Norwegian oil investment is expected to hit a peak by 2015, with more than £17.5billion to be spend on projects across the Norwegian continental shelf next year.
But production is expected to fall across the NCS over the next decade, despite the country raising its resources estimate based on potential riches in the Barents Sea.
New figures from the Norwegian Petroleum Directorate predict heavy investment in the Norwegian shelf will continue for at least the next two years before decline begins.
Investment for 2014 is expected to reach 176billion Norwegian krone (£17.5billion), 3billion krone more than 2013’s spending, before rising to 180billion krone in 2015.
However, that number will drop off to around 170billion krone over the following three years to 2018.
The figures come just days after new figures from consultancy Wood Mackenzie predicted a similar spending pattern for projects on the UK continental shelf.
Production levels for 2014 are expected to be in line with 2013, with a 0.5% increase, before the levels of increase decline during the next decade.
Despite this falloff in production, the head of the Norwegian Petroleum Directorate said companies must continue to support the region’s potential, particularly with the Barents Sea projects in the pipeline.
“The work to coordinate the resources and improve the recovery rate on the shelf has greatly benefited both the companies and the Norwegian State,” said Bente Nyland.
“Concerns over the cost level and oil prices must not prevent us from making decisions that will secure our income base for many years to come.”
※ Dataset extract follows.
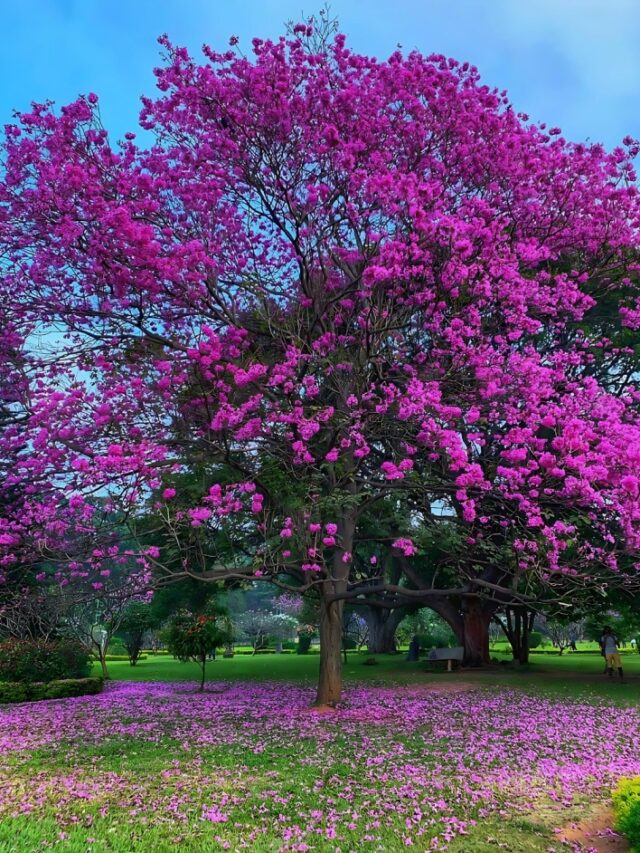 Dive into Bengaluru’s Spring Bloom this 2025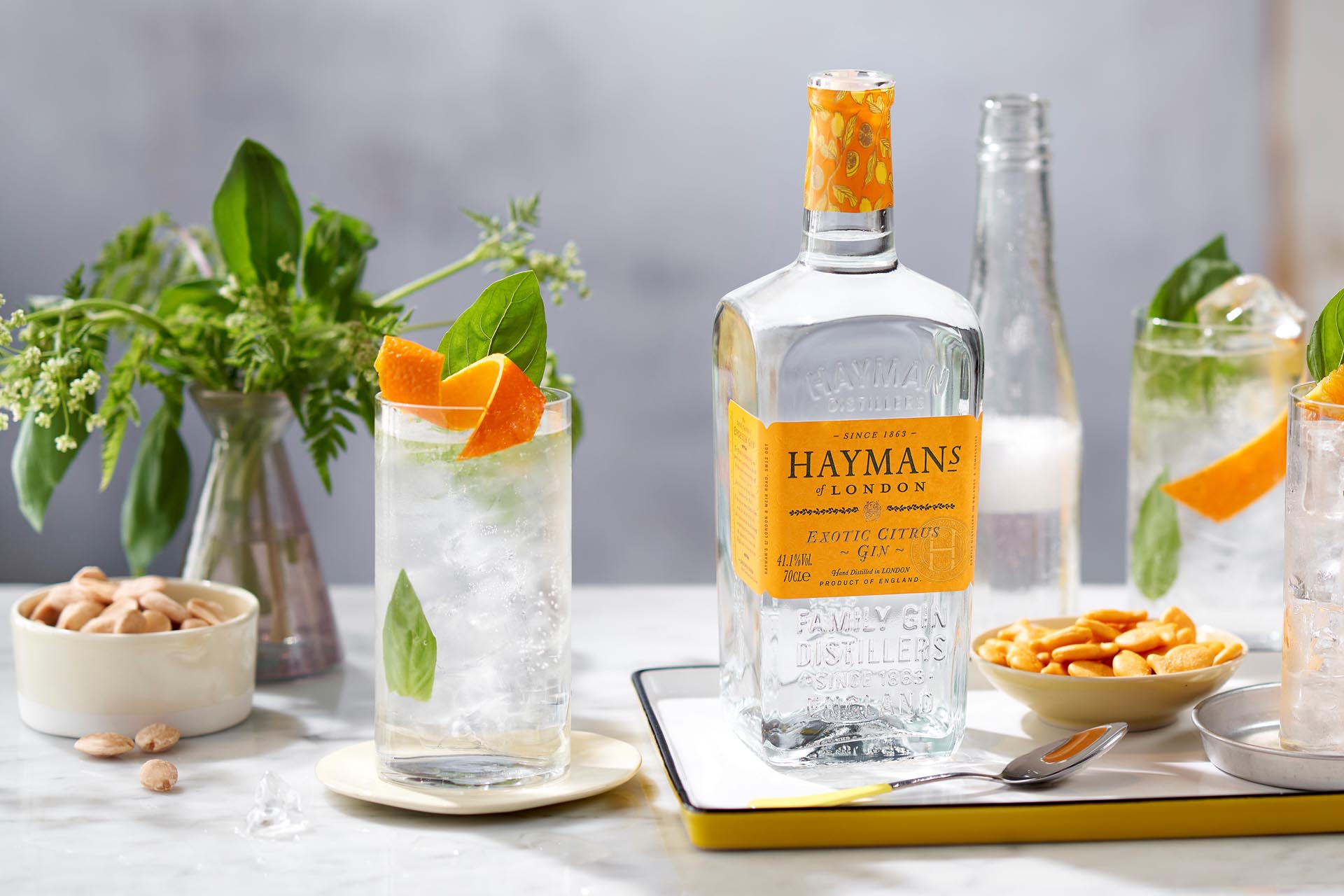 Hayman's Exotic Citrus G&T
Undiscovered resources across the shelf are thought to be around 18.5billion barrels of oil equivalent, with at least 13 new projects due to be submitted for development over the next two years – nine of which would be in the North Sea.
Despite the increase in petroleum tax by the Norwegian government having slowed down investment in projects such as the giant £10billion Johan Castberg field, Nyland said the Barents Sea could still unlock substantial riches for oil firms in the country.
“The discoveries in recent years have created renewed interest in the Barents Sea, which could come to play an important role in maintaining long-term petroleum production,” she said.
Analysts Wood Mackenzie described 2014 as a key year for Norway’s oil and gas industry, with Statoil’s portfolio sell-off opening the door to new investors in the region.
“M&A spend could be set to surpass record levels, with the trend for larger companies to optimise their portfolios continuing, meaning there will be plenty of potential deals, with Talisman Norway, RWE Dea and Marathon Norway – just three of the portfolios up for sale,” said the firm’s Norway analyst Malcolm Dickson.
“Norway will also see significant developments in 2014 with projects such as Johan Castberg, Johan Sverdrup and Goliat on track to reach crucial milestones in terms of their development.
“The impact of the 2013 petroleum tax on marginal projects will also become clearer, with a full list of developments that qualify for transition terms expected from the Norwegian government this year.”